Fashion + Psychology

Family fashion: why twinning isn’t always winning

Families have been dressing up kids in matching outfits for decades now. This is particularly visible in families that have twins or triplets who parents decide to dress up the same. But a new trend is emerging thanks to social media where entire famines-mum, dad, kids and even grandparents are dressing up in matching outfits. This ‘family twinning’ trend may not be as healthy as you think.

Holiday season special

The trend sees sudden hike during holiday season like Christmas where families get together and dress up in identical holiday jumpers for the annual greeting card picture. As a result of this, retailers flood markets with sale of matching family outfits. The craze picked up last summer when H&M decided to launch a ‘mini me range’– matching clothes for mothers and daughters. While the trend started and is flourishing thanks to Instagram there are several aspects to be considered.

The twin bond

Young mothers argue that they dress up their twins in identical outfits to help flourish the special bond between them. The same argument is used for family twinning. The environment today has everyone staring at their devices over dinner tables, matching outfits is a fun way for the family to bond. For many dressing alike gives a united front and a message of family unity.

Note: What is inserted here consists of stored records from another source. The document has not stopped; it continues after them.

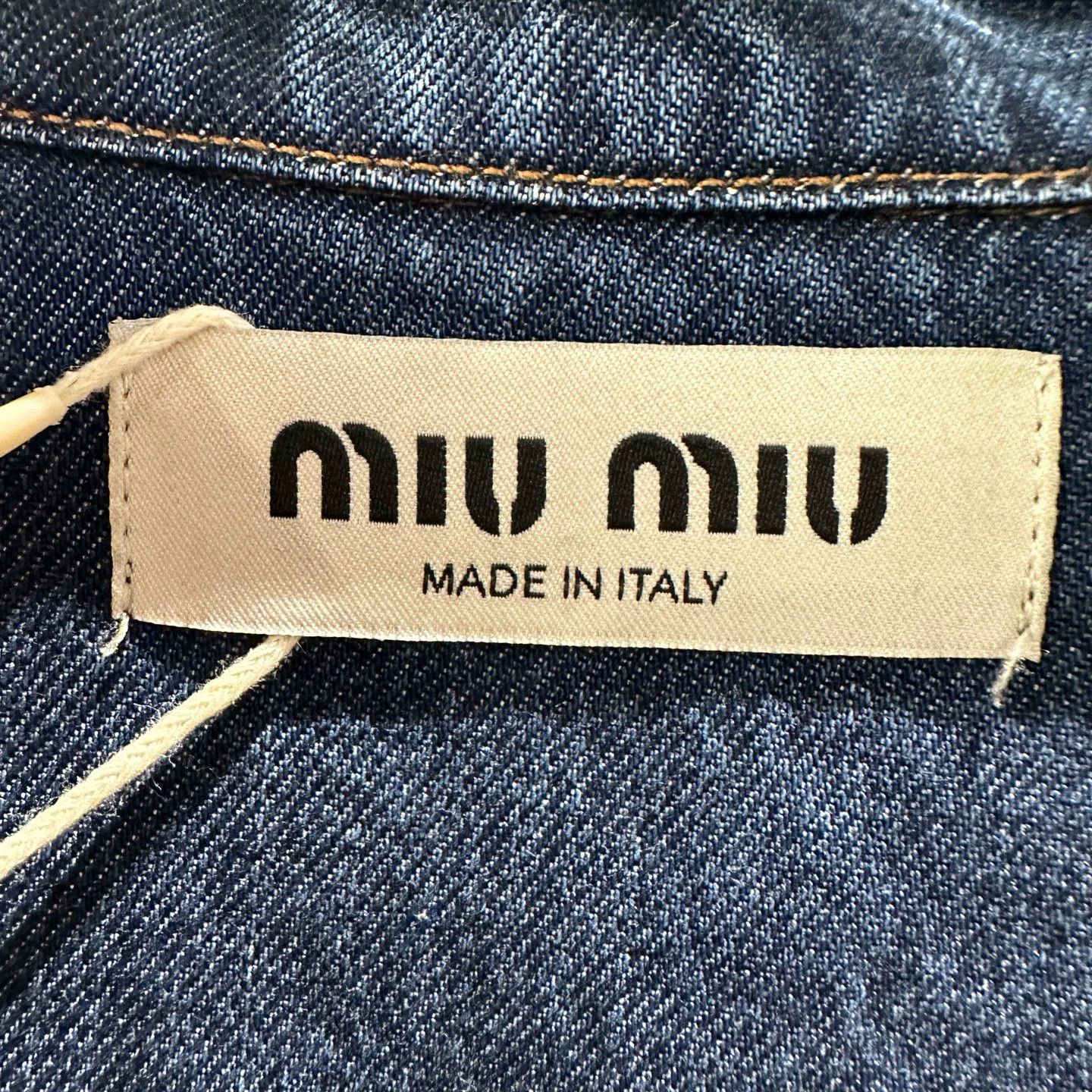 Miu Miu MIU MIU may452 logo-embroidered denim s/s shirt 38 Size XS / US 0-2 / IT 36-38 - 3 Thumbnail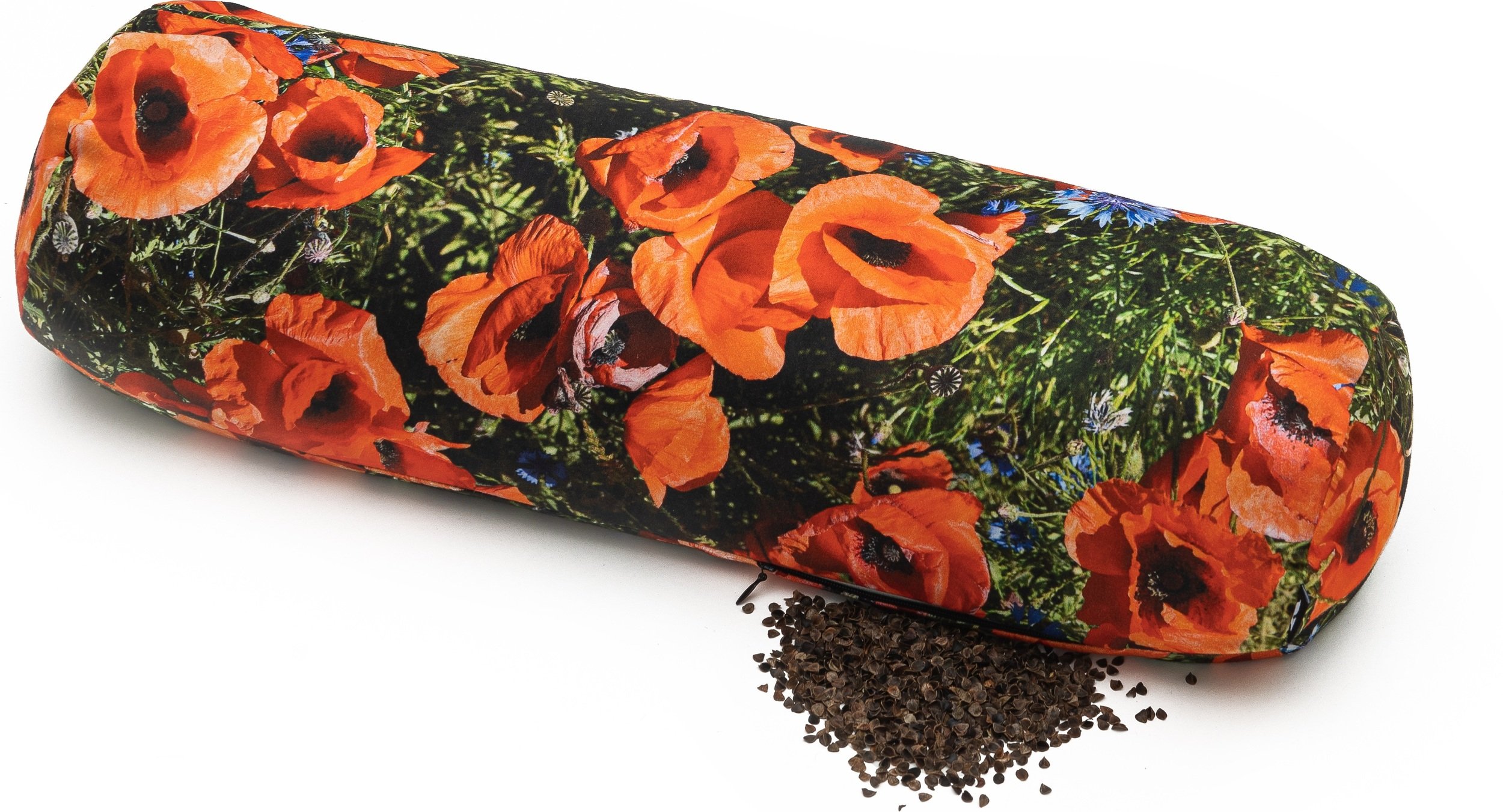 Poduszka wałek Hayka maki 50 x 15 cm z wypełnieniem z łusek gryki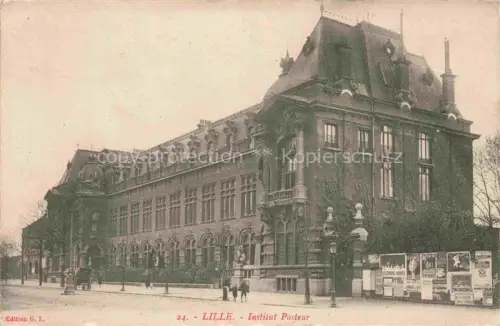 AK / Ansichtskarte LILLE 59 Nord Institut-Pasteur Gruenderzeitgebaeude Werbeplakate Passanten Fassade Tor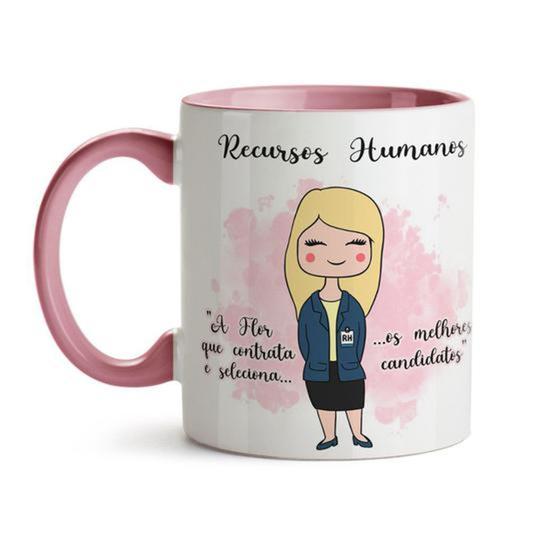 Imagem de Caneca Recursos Humanos Feminina 02 Alça e Interior Rosa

Convenience vs character building

When it comes to dressing twins or triplets, mothers often end up choosing the same outfit because it is convenient. The same style in different sizes seems a simple task at the end of a busy day. But research shows that dressing kids alike hampers with their character building and create an unhealthy environment. Matching clothes has the potential to undermine the development of a child’s own personal style and taste. The same logic applies to family twinning as it prevents to highlight an individual family members personal fashion choices.

Individualistic identity

We live in a world where many people are trying to carve their own niche. Fashion has become more individualistic and rebellious than ever. In times like this, matching outfits is a sign of creating duplicates and harmful in a child’s growth. Every child feels confident for their uniqueness and personal style is a key factor in showing ones individuality.

While dressing up matching maybe the trend of the season, parents and families should consider the long term effects of such exercises. Yes, matching outfits definitely look aesthetically pleasing but it looks great when it also highlights individual character.